The last_alive entry gets updated only if the 'alive_interval' configuration parameter is set in the manitou-mdx config file, which is not the case by default.

In order to check if manitou-mdx's is running, we can create a simple script that connects to the database , read one or several of these entries, and compares them to an expected result. For last_alive, that result is the easier to define. The configuration parameter 'alive_interval' specifies how many seconds there is between two updates of 'last_alive'. If it happens that the difference between the current time and the value of 'last_alive' is significantly higher than 'alive_interval', then it can be assumed that manitou-mdx is no longer running, or something prevents it to update the entry (it could be stuck waiting for a database lock, for example).

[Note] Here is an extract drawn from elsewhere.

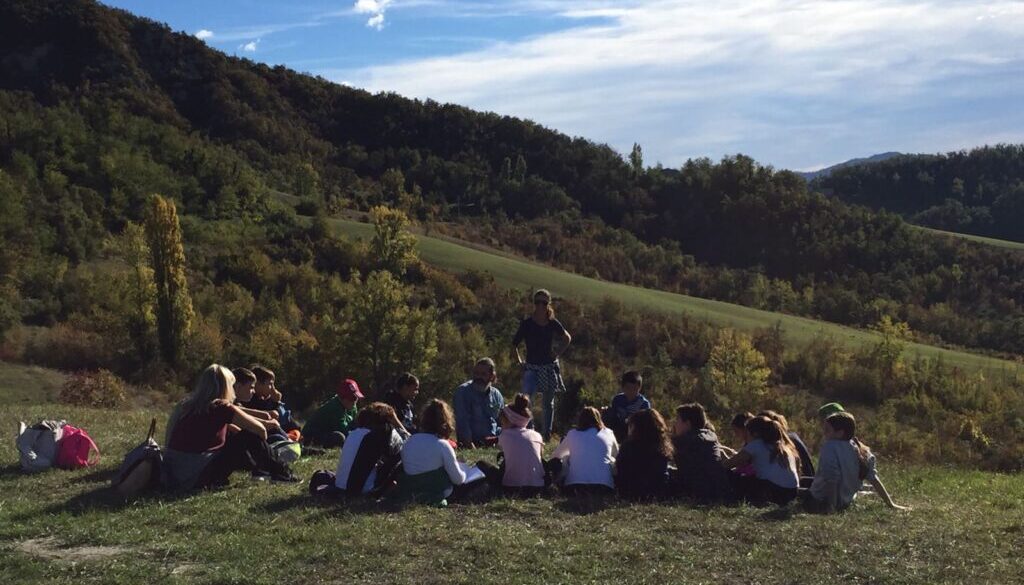 scuola di pace monte sole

In addition, this script can be hosted on a different machine than manitou-mdx and the database, and so will still be able to report if one of those is down.

Below is an example of such a script, in Perl (it assumes the existence of an environment variable named MANITOU_CONNECT_STRING that contains a valid DBI connect string, for example: Dbi:Pg:host=pgserver;dbname=mail;user=manitou )

#!/usr/bin/perl

use DBI;
use POSIX qw(strftime);

# The maximum number of seconds allowed between the
# 'last_alive' value of the database and the current time.
# When the difference between these two becomes higher
# than ALIVE_INTERVAL_MAX, the alert is triggered.
my $ALIVE_INTERVAL_MAX=600;

# Change these for real addresses
my $ALERT_EMAIL="alert\@domain.tld";
my $FROM_EMAIL="alert-sender\@domain.tld";

# A file created when an alert is sent
# The alert won't be sent again until this file is removed, either
# by us when detecting that the mdx is up again, or
# by another program, for instance the mdx start script
my $ALERT_LCK="/var/tmp/manitou-alert.lck";

sub alert {
  my $msg=shift;
  if (! -f $ALERT_LCK) {
    # If no lockfile, create one
    open(F, ">$ALERT_LCK");
    print F localtime(time);
    close(F);
    # and send the alert
    alert_mail($msg);
  }
}

sub alert_mail {
  my $msg=shift;
  open(F, "|/usr/sbin/sendmail -t -f $FROM_EMAIL") or die $!;
  print F "From: $FROM_EMAIL\n";
  print F "To: $ALERT_EMAIL\n";
  print F "Subject: alert about manitou-mdx\n";
  print F "\n";			# end of header
  print F "This is an automatically generated alert\n\n";
  print F "Error message:\n$msg\n";
  close(F);
}

my $cnx_string=$ENV{'MANITOU_CONNECT_STRING'};
if (!defined($cnx_string)) {
  die "Missing MANITOU_CONNECT_STRING environment variable";
}

my $dbh=DBI->connect($cnx_string);
if (!$dbh) {
  alert("unable to connect to database: $DBI::errstr");
  exit 1;
}

my $sth=$dbh->prepare("SELECT rt_value FROM runtime_info WHERE rt_key='last_alive'");
$sth->execute;
my @r=$sth->fetchrow_array;
# if there's no entry, we consider there's no error
if (@r) {
  if (time-$r[0] > $ALIVE_INTERVAL_MAX) {
    my $d=strftime("%d/%m/%Y %H:%M:%S", localtime($r[0]));
    alert("manitou-mdx appears to be down since $d");
  }
  else {
    # if the mdx is running and there's an alert lockfile, then remove it
    # in order not to block further alerts
    if (-f $ALERT_LCK) {
      unlink($ALERT_LCK);
    }
  }
}
$sth->finish;
$dbh->disconnect;

Similarly, the last _import entry could be used to detect a problem in the mail chain. For example, if a mail system that is generally busy hasn't processed a single incoming message during several hours, that could be considered suspicious enough to trigger an alert.